Heute wurden zum bereits siebenten Mal die Ergebnisse der PISA-Studie vorgestellt. Insgesamt wurden weltweit rund 600.000 15- bis 16-jährige Schüler in rund 80 Ländern in den Disziplinen Lesen, Mathematik und Naturwissenschaften getestet, in Österreich waren es etwa 7.800. Der Schwerpunkt lag diesmal auf dem Lesen.
Die Ergebnisse: Österreich hat 2018 ähnlich wie bei der letzten Erhebung 2015 abgeschnitten und liegt weiter in etwa im Schnitt der OECD-Staaten. Dominiert werden die Ranglisten im Lesen, Mathematik und Naturwissenschaften von diversen chinesischen Regionen sowie Singapur, zeigt die am Dienstag veröffentlichte Erhebung.

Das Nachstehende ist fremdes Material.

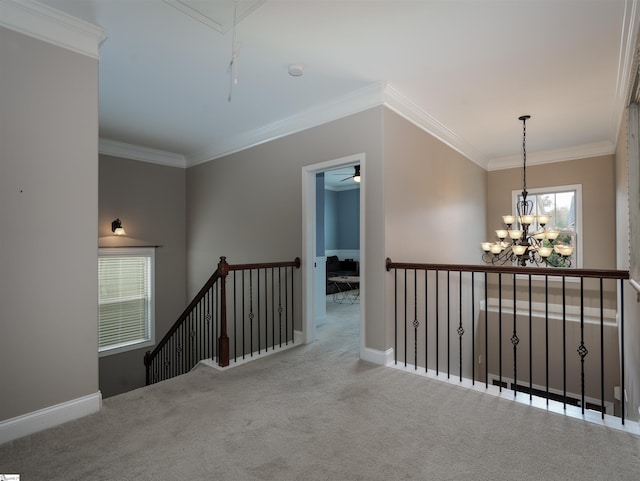 hallway with light colored carpet, a wealth of natural light, crown molding, and a notable chandelier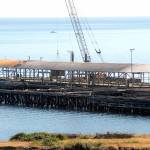 Keith Thorpe/Peninsula Daily News
Crews work on Thursday to dismantle the loading dock at the site of the former Rayonier pulp mill in Port Angeles. Workers began removing about 800 concrete dock panels this week as a step toward dismantling the 6-acre pier at the former Rayonier property 2 miles east of downtown Port Angeles. The target date for completion is July, while more than 5,000 creosote-treated pilings will not be taken out at least until 2023 as part of the overall environmental cleanup of the 75-acre former industrial site's uplands and adjacent harbor waters, a process overseen by the state Department of Ecology and paid for by property owner Rayonier Advanced Materials.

Österreich erreichte beim diesjährigen Haupttestgebiet Lesen einen Mittelwert von 484 Punkten (2015: 485) und liegt damit im OECD-Schnitt (487). In den Naturwissenschaften waren es diesmal 490 Punkte (2015: 495), was ebenfalls dem OECD-Schnitt (489) entspricht. Am stärksten schnitten die heimischen 15- bis 16-Jährigen in der Mathematik (499 Punkte; 2015: 497) ab, hier lagen sie über dem OECD-Schnitt (489). Wobei gleichzeitig in allen drei Gebieten jedes 5. Kind in die sogenannte "Risikogruppe" fällt, also über keine entsprechenden Grundkompetenzen verfügt.

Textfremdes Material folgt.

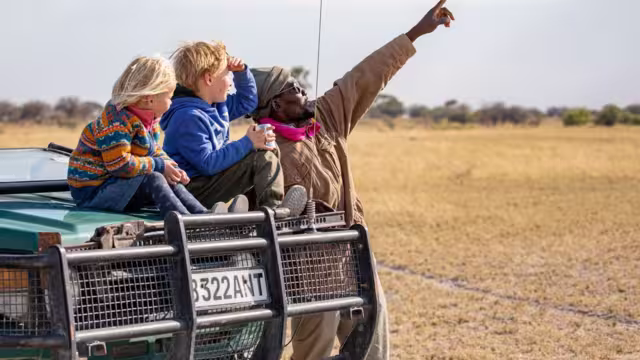 Family fun with leader, Botswana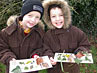 Two boys with leaves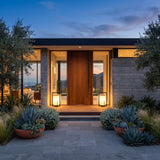 A matched pair of Lampara Outdoor Light (Solar) lighting a front entrance at dusk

Anders als in den vergangenen PISA-Studien lag Österreich beim Lesen diesmal nicht statistisch signifikant unter dem OECD-Schnitt. Das lag allerdings nicht an einer besseren Leistung der heimischen Schüler, sondern am Absinken in anderen Staaten. Von Österreichs Nachbarländern erzielten Deutschland (498 Punkte) und Slowenien (495) signifikant bessere Leseleistungen, Schüler aus Italien, Ungarn (je 476) und der Slowakei (458) schnitten signifikant schlechter ab. Tschechien und die Schweiz lagen gleichauf mit Österreich. Europa-Spitzenreiter sind Estland (523 Punkte) und Finnland (520).
Im Zeitvergleich ist in Österreich, aber auch in den Vergleichsländern die Lesefreude der Schüler zurückgegangen. Zuletzt gaben 53 Prozent der getesteten Schüler an, sie würden nur lesen, wenn sie müssen. 35 Prozent gaben an, das Lesen sei für sie Zeitverschwendung.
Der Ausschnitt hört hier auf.